El PSOE fue el partido que, hace nueve años, aspiraba a la mayoría absoluta. Hoy desea no ser sorpassado por los herederos de Anguita. El PSOE fue el partido que canalizó el cambio en forma de votos. Hoy es la diana del “no nos representan” y “PSOE, PP: misma mierda es”. El PSOE fue partido de las clases medias urbanas. Hoy es el partido de Andalucía y Extremadura. El PSOE debe apartar los mentideros y guerras internas para construir, en connivencia con la militancia de base, la que recorre los barrios y entrega su tiempo, un proyecto más allá del “no es no” o de destronamientos. El PSOE debe saber que las chaquetas de pana y las octavillas han pasado a la historia, y que la rigidez de las férreas estructuras de partido han de flexibilizarse y adaptarse a la nueva España que nos ha dejado esta década. No estamos en los ochenta, sino en 2017. Felipe González ya no es el apuesto sevillano que cautivaba a los españoles con su desenfadada verborrea.

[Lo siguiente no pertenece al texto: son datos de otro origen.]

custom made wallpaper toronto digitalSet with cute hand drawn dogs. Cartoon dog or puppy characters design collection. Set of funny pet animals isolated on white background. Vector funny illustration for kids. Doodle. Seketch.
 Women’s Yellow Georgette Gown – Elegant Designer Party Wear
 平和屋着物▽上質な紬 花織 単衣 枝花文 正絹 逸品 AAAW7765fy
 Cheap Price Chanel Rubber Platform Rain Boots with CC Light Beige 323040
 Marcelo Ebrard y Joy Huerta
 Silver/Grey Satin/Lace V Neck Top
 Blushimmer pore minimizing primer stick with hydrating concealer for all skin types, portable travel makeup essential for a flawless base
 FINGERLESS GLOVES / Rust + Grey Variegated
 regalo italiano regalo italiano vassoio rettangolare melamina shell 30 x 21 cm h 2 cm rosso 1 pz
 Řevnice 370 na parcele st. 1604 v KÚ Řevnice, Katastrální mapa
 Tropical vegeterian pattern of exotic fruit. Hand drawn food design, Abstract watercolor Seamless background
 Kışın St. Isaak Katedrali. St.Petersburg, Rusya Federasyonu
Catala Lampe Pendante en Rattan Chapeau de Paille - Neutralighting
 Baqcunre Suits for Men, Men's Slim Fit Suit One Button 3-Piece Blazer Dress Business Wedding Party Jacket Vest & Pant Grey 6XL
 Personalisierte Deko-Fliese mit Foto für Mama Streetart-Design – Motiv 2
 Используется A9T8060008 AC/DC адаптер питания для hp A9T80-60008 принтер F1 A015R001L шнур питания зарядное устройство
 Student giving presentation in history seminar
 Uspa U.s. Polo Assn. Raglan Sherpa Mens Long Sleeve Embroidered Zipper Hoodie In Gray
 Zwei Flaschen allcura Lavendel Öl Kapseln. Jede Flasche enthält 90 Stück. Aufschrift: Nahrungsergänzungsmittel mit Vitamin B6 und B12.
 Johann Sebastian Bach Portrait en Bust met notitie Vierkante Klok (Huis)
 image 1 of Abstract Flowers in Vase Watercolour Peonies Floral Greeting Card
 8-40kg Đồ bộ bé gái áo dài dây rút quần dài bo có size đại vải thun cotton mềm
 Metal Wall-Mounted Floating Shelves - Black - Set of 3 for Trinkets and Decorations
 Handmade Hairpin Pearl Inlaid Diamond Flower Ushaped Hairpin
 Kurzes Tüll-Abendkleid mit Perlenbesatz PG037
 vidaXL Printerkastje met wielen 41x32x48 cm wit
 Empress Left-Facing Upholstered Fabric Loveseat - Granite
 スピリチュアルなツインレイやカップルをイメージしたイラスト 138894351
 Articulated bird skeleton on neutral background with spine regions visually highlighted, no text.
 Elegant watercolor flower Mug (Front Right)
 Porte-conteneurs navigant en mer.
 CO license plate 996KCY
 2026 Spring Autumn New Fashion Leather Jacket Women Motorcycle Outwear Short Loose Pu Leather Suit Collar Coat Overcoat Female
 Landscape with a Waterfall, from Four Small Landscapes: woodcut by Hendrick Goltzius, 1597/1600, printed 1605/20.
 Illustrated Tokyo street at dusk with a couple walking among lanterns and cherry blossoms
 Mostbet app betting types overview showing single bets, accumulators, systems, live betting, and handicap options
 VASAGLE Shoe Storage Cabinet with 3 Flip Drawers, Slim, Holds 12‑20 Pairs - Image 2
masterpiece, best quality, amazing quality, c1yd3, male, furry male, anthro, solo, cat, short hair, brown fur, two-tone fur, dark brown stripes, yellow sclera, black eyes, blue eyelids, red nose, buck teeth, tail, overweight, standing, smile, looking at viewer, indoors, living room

Son tiempos de cambio. Son tiempos de redes sociales, de dolor, de camisas y camisetas, de rabia, de Internet, de empoderamiento ciudadano, de La Roja, de desengaños… Y, sobre todo, son tiempos de ambiciosos novicios imberbes y cansados abades desgastados. En esta nueva etapa, Podemos ha movido ficha. Si bien o mal, la historia más inmediata los juzgará. Ahora, le queda actuar al PSOE. Deberán meditar si pretenden edificar una formación atractiva o relegarse al pasado. La pelota está en el tejado de Ferraz; y, aunque aún no ha comenzado el partido, pueden estrenarse con un gol en propia puerta o con un gol en la portería opuesta.